WHAT THE EXERCISE ASKS ▸ Everything from the line that contains "Catrice Комплект водоустойчива" through the last line of the listing must be copied exactly, with both of those lines included and no others.

Start of EXERCISE INPUTS

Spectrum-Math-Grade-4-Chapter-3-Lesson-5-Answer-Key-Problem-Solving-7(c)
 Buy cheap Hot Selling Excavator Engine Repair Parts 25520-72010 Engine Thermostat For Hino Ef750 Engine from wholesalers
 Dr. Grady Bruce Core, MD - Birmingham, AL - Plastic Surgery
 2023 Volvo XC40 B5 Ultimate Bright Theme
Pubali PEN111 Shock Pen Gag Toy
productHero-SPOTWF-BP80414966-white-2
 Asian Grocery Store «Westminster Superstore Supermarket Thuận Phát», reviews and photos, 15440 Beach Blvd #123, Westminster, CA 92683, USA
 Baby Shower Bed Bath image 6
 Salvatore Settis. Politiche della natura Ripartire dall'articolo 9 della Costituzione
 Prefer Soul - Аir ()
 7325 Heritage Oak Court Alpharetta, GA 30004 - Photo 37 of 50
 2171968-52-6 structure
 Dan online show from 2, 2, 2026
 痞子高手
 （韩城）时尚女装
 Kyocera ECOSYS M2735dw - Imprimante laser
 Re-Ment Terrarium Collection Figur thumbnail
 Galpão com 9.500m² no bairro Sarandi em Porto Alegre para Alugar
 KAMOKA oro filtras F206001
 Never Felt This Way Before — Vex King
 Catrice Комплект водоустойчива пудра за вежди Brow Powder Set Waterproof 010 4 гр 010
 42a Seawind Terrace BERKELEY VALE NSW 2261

End of EXERCISE INPUTS

SOLUTION FOR THIS EXERCISE ▸
 Catrice Комплект водоустойчива пудра за вежди Brow Powder Set Waterproof 010 4 гр 010
 42a Seawind Terrace BERKELEY VALE NSW 2261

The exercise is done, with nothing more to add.